[PATCH v3 6/6] lib: sbi: hart: Detect and enable Smrnmi before trap-based feature detection

Nylon Chen nylon.chen at sifive.com
Tue May 12 01:25:08 PDT 2026


Anup Patel <anup at brainfault.org> 於 2026年5月12日週二 下午3:59寫道:
>
> On Tue, May 12, 2026 at 12:14 PM Nylon Chen <nylon.chen at sifive.com> wrote:
> >
> > Anup Patel <anup at brainfault.org> 於 2026年5月9日週六 下午2:51寫道:
> >
> > >
> > > On Thu, May 7, 2026 at 11:38 PM Evgeny Voevodin
> > > <evvoevod at tenstorrent.com> wrote:
> > > >
> > > > The location of the RNMI/E trap vectors in the Smrnmi extension is
> > > > implementation-defined, so platforms with vendor-specific NMI vector
> > > > mechanisms must install the firmware's NMI entry points themselves.
> > > >
> > > > Add an smrnmi_handlers_init() callback to sbi_platform_operations that
> > > > receives the firmware entry points and lets platform code install them
> > > > at the hardware-specific vector locations. Two pointers are passed:
> > > >
> > > >   - _trap_rnmi_handler: the dedicated RNMI entry point that saves
> > > >     context using the Smrnmi MN* CSRs and returns via mnret.
> > > >   - _trap_handler: the regular M-mode trap entry since RNME is taken
> > > >     as a regular M-mode trap with NMIE=0.
> > > >
> > > > When Smrnmi is present, install the platform's NMI vectors via the new
> > > > callback, initialize MNSCRATCH with the per-hart scratch pointer, and
> > > > set MNSTATUS.NMIE.
> > > >
> > > > Smrnmi-enabled platforms must register smrnmi_handlers_init; if the
> > > > extension is detected but no callback is registered, sbi_panic() is
> > > > called since enabling NMIs without handlers in place would route
> > > > subsequent traps into nowhere.
> > > >
> > > > Signed-off-by: Evgeny Voevodin <evvoevod at tenstorrent.com>
> > >
> > > LGTM.
> > >
> > > Reviewed-by: Anup Patel <anup at brainfault.org>
> > >
> > > Regards,
> > > Anup
> > >
> > > > ---
> > > >  include/sbi/sbi_platform.h |  4 ++++
> > > >  lib/sbi/sbi_hart.c         | 20 ++++++++++++++++++++
> > > >  2 files changed, 24 insertions(+)
> > > >
> > > > diff --git a/include/sbi/sbi_platform.h b/include/sbi/sbi_platform.h
> > > > index 715df499..fe382b56 100644
> > > > --- a/include/sbi/sbi_platform.h
> > > > +++ b/include/sbi/sbi_platform.h
> > > > @@ -150,6 +150,10 @@ struct sbi_platform_operations {
> > > >         /** platform specific pmp disable on current HART */
> > > >         void (*pmp_disable)(unsigned int n);
> > > >
> > > > +       /** platform specific Smrnmi handlers init on current HART */
> > > > +       void (*smrnmi_handlers_init)(void (*rnmi_handler)(void),
> > > > +                       void (*rnme_handler)(void));
> > > > +
> > > >         /** platform specific Smrnmi NMI handler.

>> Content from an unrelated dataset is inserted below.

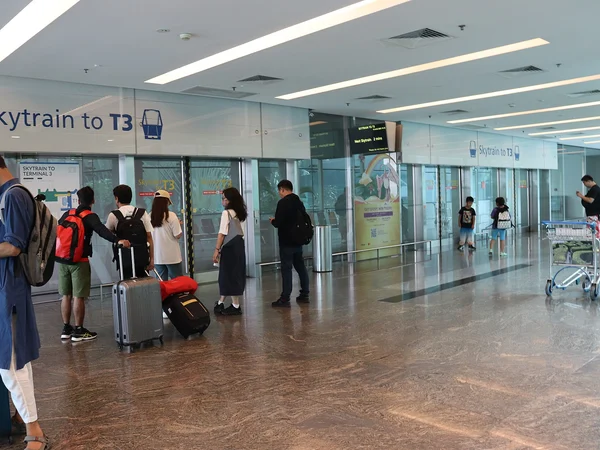 Passenger beginning a Singapore-to-China journey at Changi Airport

> > > >          *  Returns SBI_SUCCESS on success, error code if NMI cannot be handled. */
> > > >         int (*rnmi_handler)(struct sbi_trap_context *tcntx);
> > > > diff --git a/lib/sbi/sbi_hart.c b/lib/sbi/sbi_hart.c
> > > > index 781161e5..92c602aa 100644
> > > > --- a/lib/sbi/sbi_hart.c
> > > > +++ b/lib/sbi/sbi_hart.c
> > > > @@ -532,6 +532,26 @@ static int hart_detect_features(struct sbi_scratch *scratch)
> > > >         if (rc)
> > > >                 return rc;
> > > >
> > > > +       if (sbi_hart_has_extension(scratch, SBI_HART_EXT_SMRNMI)) {
> > > > +               const struct sbi_platform *plat = sbi_platform_thishart_ptr();
> > > > +               const struct sbi_platform_operations *ops = sbi_platform_ops(plat);
> > > > +               extern void _trap_rnmi_handler(void);
> > > > +               extern void _trap_handler(void);
> > > > +
> > > > +               if (!ops || !ops->smrnmi_handlers_init)

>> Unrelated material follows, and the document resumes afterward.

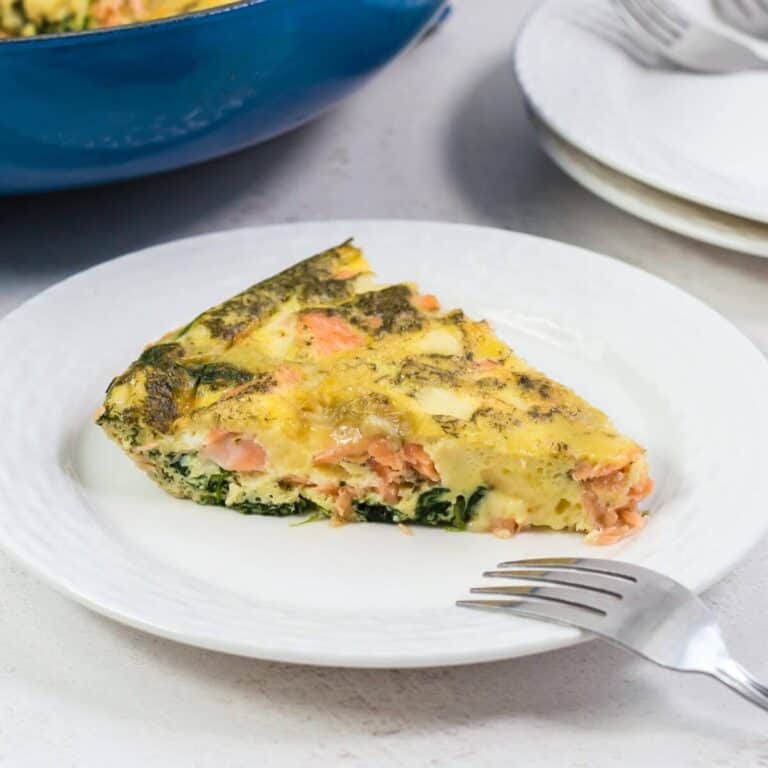 A slice of frittata with spinach and salmon on a white plate, with a fork placed in front and extra plates in the background.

> > > > +                       sbi_panic("Smrnmi detected, but platform lacks smrnmi_handlers_init callback\n");
> > > > +
> > > > +               /* Reuse _trap_handler for the RNME slot since RNME is taken
> > > > +                * as a regular M-mode trap with NMIE=0. */
> > > > +               ops->smrnmi_handlers_init(_trap_rnmi_handler, _trap_handler);
> > > > +
> > > > +               /* Initialize MNSCRATCH for the RNMI handler */
> > > > +               csr_write(CSR_MNSCRATCH, scratch);
> > > > +
> > > > +               /* Enable NMIs */
> > > > +               csr_set(CSR_MNSTATUS, MNSTATUS_NMIE);
> > Two concerns about this block
> >
> > First, sbi_panic() when smrnmi_handlers_init is NULL is too strict.

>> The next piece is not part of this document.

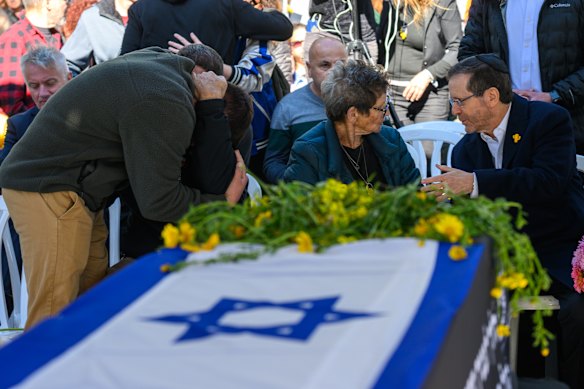 Yocheved Lifshitz talks to Israeli President Issac Herzog during the funeral for her husband Oded Lifshitz in Nir Oz, Israel. The body of former Israeli hostage Oded Lifshitz was returned to Israel from Gaza on Thursday.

> > Not all platforms with Smrnmi need to program a vendor-specific NMI
> > vector register.
> > Some implementations have a fixed NMI vector address or route NMIs
> > through mtvec by default; for these, setting MNSCRATCH and NMIE is
> > sufficient and no platform callback is needed.
> >
> > This can be reproduced with QEMU virt:
> >
> > qemu-system-riscv64 -M virt -cpu rv64,smrnmi=on -m 256m \
> >       -bios fw_jump.bin -nographic -no-reboot
> >
> > The firmware hangs with zero output. The panic fires before
> > sbi_platform_early_init() so the console is not yet initialized and
> > the message is silently dropped.
> >
> > Adding a no-op stub to the generic platform confirms the panic is  the
> > sole cause -- boot proceeds normally with the stub in place.
> >
> > Second, the callback returns void, so there is no way to detect
> > whether the platform succeeded in programming the NMI vector.
> > csr_set(MNSTATUS, NMIE) then runs unconditionally.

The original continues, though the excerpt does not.